▶ _What you should do_:
The whole listing, please: repeat it exactly, with the pictures left out.

▶ _Recorded data_:
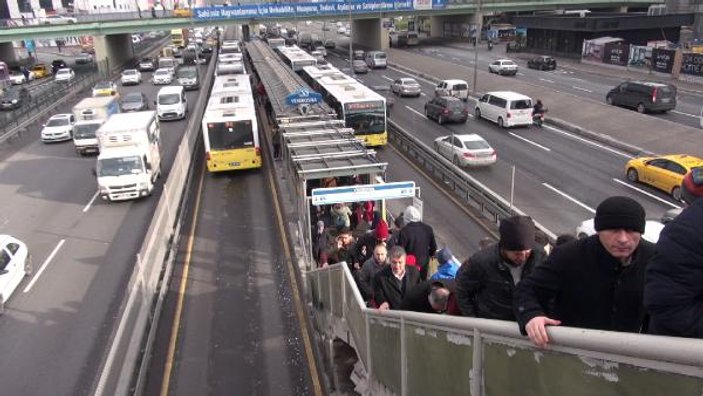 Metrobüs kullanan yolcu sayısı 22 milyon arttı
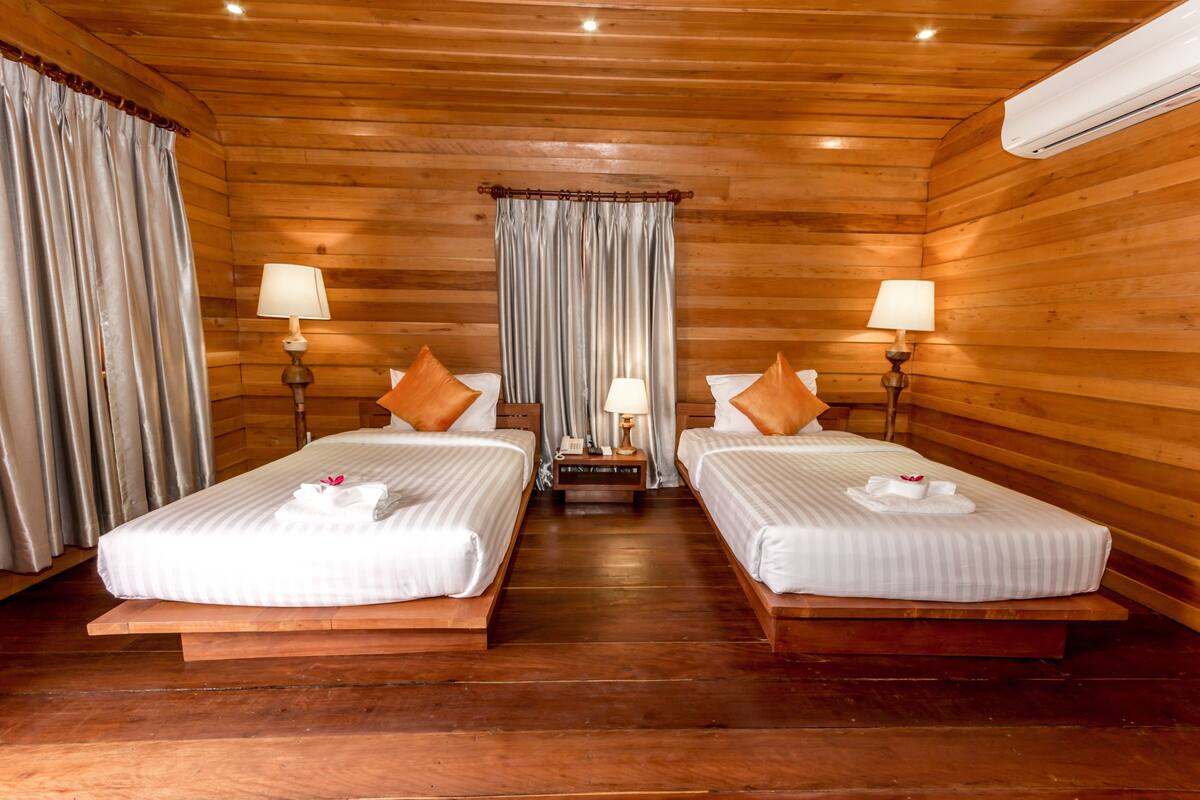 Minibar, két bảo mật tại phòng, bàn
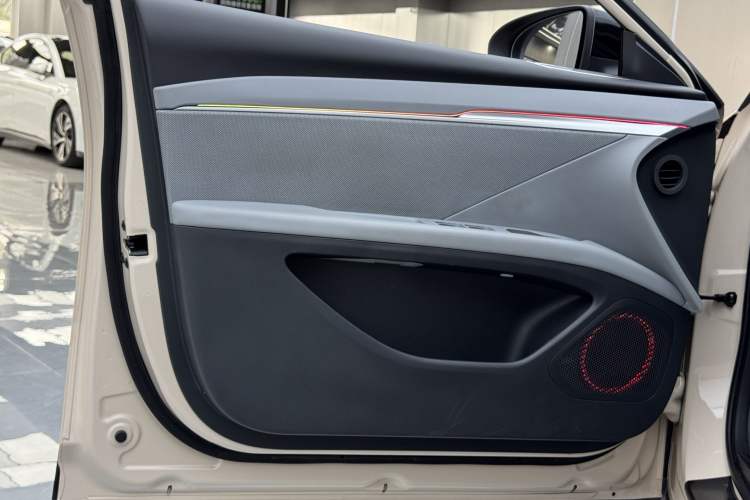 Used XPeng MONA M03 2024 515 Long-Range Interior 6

▶ _Result of this exercise_:
 Metrobüs kullanan yolcu sayısı 22 milyon arttı
 Minibar, két bảo mật tại phòng, bàn
 Used XPeng MONA M03 2024 515 Long-Range Interior 6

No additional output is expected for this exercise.